_Material for this task_
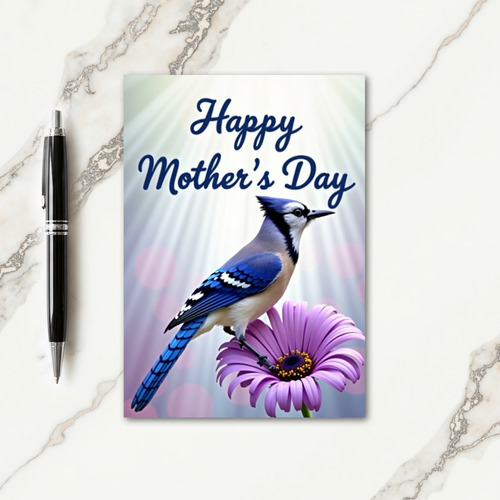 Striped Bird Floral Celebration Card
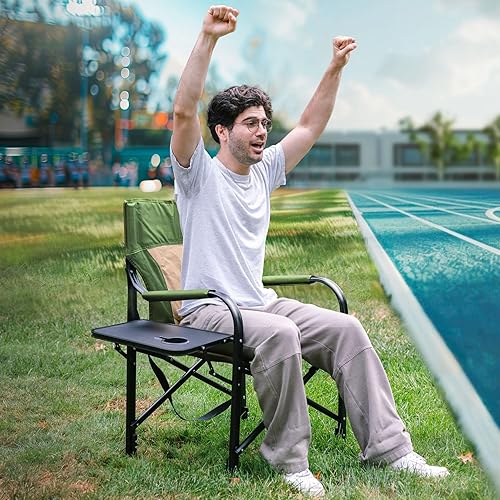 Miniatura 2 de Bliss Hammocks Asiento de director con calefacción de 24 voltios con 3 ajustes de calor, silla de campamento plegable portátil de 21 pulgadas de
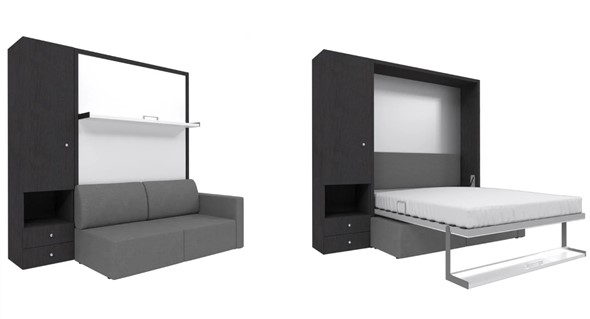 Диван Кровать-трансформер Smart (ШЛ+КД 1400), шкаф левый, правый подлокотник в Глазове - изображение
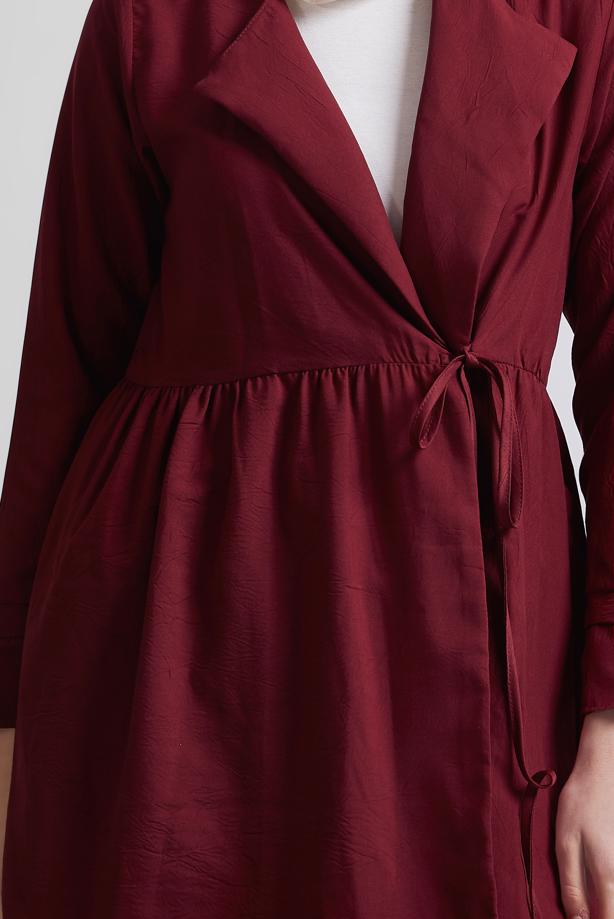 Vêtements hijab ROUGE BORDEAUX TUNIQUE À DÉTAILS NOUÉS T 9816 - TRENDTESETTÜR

---

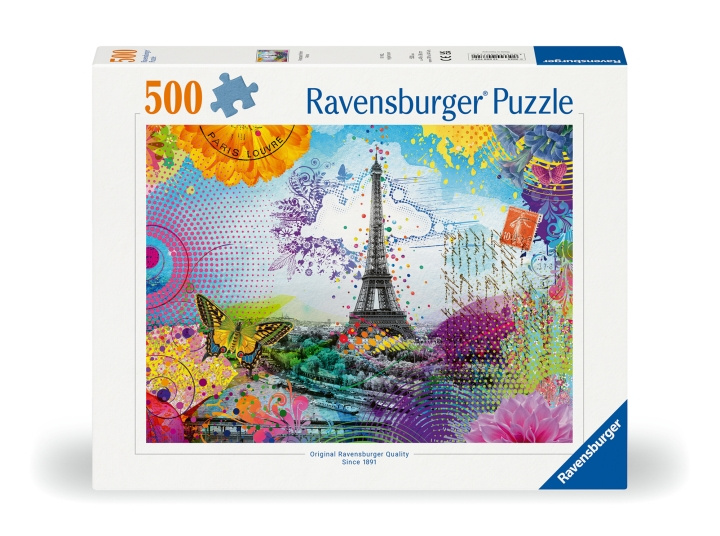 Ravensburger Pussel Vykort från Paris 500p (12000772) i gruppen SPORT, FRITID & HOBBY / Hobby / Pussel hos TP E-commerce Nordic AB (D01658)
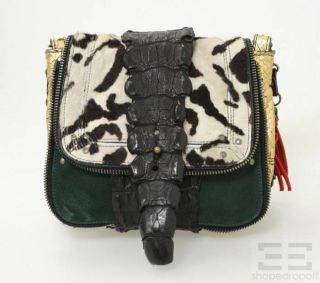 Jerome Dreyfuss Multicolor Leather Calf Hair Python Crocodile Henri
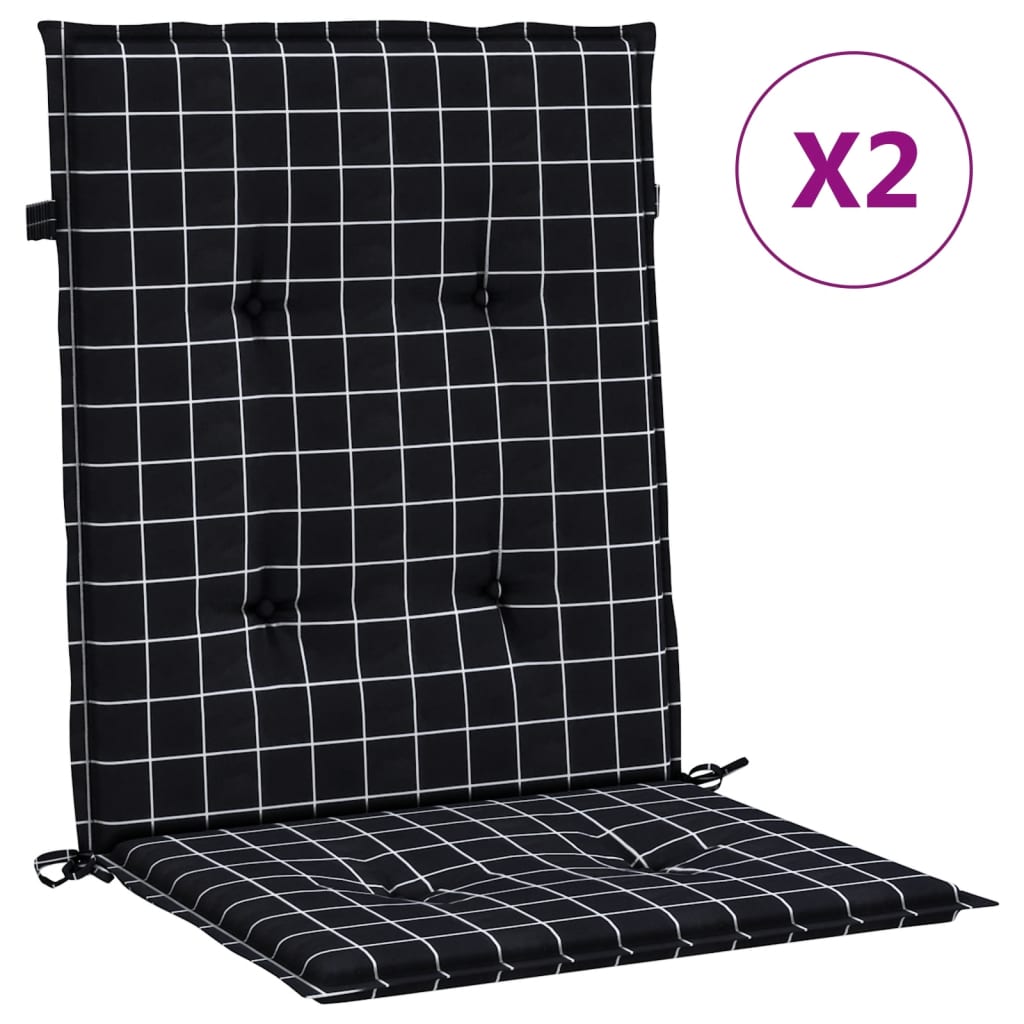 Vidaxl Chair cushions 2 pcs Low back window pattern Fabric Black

_Requirement_
Transcribe, word for word, the lines of the listing above from the one that contains "Striped Bird Floral Celebration Card" through the one that contains "Vêtements hijab ROUGE", keeping both ends and dropping the pictures.

_Response_
 Striped Bird Floral Celebration Card
 Miniatura 2 de Bliss Hammocks Asiento de director con calefacción de 24 voltios con 3 ajustes de calor, silla de campamento plegable portátil de 21 pulgadas de
 Диван Кровать-трансформер Smart (ШЛ+КД 1400), шкаф левый, правый подлокотник в Глазове - изображение
 Vêtements hijab ROUGE BORDEAUX TUNIQUE À DÉTAILS NOUÉS T 9816 - TRENDTESETTÜR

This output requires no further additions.